> [WORK REQUIRED]:
Identify all lines of the data containing the string "Sterling" and copy them.

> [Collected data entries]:

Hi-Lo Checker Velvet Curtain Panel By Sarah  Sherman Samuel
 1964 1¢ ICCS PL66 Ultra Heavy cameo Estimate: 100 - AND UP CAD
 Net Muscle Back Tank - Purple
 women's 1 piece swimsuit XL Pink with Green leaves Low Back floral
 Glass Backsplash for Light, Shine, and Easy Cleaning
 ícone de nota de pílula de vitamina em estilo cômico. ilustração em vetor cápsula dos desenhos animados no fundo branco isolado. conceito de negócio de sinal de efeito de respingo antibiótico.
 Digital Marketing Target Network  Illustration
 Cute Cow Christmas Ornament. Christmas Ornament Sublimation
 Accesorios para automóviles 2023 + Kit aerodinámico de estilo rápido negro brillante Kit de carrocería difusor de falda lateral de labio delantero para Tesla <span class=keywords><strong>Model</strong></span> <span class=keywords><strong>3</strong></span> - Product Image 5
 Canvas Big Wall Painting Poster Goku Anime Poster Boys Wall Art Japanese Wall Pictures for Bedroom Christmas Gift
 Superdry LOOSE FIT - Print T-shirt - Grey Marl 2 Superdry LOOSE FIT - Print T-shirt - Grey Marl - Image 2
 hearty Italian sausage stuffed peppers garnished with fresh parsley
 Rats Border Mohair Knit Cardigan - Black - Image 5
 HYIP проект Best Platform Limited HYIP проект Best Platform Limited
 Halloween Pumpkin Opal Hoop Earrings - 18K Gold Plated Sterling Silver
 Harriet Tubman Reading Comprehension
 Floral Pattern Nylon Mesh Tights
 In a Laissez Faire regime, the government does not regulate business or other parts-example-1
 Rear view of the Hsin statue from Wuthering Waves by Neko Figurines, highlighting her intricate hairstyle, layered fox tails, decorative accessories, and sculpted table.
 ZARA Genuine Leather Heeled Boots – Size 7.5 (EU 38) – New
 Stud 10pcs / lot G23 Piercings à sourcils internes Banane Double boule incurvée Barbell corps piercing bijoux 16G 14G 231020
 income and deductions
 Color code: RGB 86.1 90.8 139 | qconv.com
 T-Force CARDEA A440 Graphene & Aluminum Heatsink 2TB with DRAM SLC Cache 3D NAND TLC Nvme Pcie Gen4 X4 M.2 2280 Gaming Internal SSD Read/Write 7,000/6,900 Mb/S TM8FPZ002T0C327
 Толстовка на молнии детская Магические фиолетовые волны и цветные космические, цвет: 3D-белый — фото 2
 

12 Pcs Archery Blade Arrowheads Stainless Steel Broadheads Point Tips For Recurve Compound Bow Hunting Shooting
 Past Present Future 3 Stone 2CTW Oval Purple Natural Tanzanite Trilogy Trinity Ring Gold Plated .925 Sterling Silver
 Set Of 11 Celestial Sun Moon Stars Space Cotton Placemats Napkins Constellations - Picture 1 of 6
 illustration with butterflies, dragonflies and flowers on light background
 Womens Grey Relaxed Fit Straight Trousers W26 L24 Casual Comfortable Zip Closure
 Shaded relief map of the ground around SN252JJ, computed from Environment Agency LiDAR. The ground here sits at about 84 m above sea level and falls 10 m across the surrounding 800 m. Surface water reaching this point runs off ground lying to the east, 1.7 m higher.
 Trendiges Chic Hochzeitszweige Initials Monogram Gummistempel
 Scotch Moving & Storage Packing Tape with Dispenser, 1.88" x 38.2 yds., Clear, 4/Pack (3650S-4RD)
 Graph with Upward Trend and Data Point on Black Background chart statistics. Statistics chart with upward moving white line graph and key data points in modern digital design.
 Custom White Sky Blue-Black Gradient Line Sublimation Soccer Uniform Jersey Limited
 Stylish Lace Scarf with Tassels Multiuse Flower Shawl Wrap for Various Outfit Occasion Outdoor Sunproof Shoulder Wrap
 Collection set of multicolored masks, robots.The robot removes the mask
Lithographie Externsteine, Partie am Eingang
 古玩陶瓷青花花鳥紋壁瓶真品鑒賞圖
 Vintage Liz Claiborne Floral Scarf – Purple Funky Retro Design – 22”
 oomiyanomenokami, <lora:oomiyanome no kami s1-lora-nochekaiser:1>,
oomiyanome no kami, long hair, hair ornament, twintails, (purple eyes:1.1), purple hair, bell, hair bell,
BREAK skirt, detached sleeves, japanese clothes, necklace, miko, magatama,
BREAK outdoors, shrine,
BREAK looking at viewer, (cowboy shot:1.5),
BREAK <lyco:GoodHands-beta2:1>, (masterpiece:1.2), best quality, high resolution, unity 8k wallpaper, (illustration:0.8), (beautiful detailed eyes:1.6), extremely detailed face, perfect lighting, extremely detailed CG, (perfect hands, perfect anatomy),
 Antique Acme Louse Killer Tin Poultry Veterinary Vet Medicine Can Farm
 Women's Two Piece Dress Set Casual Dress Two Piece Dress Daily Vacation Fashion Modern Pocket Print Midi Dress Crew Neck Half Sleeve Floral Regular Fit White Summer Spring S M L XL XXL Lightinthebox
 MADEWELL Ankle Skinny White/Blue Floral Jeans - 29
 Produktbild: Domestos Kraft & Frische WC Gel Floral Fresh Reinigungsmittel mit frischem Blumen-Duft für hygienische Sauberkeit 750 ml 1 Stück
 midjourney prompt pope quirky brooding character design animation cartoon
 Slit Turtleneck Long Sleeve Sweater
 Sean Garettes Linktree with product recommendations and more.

> [RESULT OF THIS TASK]:
 Halloween Pumpkin Opal Hoop Earrings - 18K Gold Plated Sterling Silver
 Past Present Future 3 Stone 2CTW Oval Purple Natural Tanzanite Trilogy Trinity Ring Gold Plated .925 Sterling Silver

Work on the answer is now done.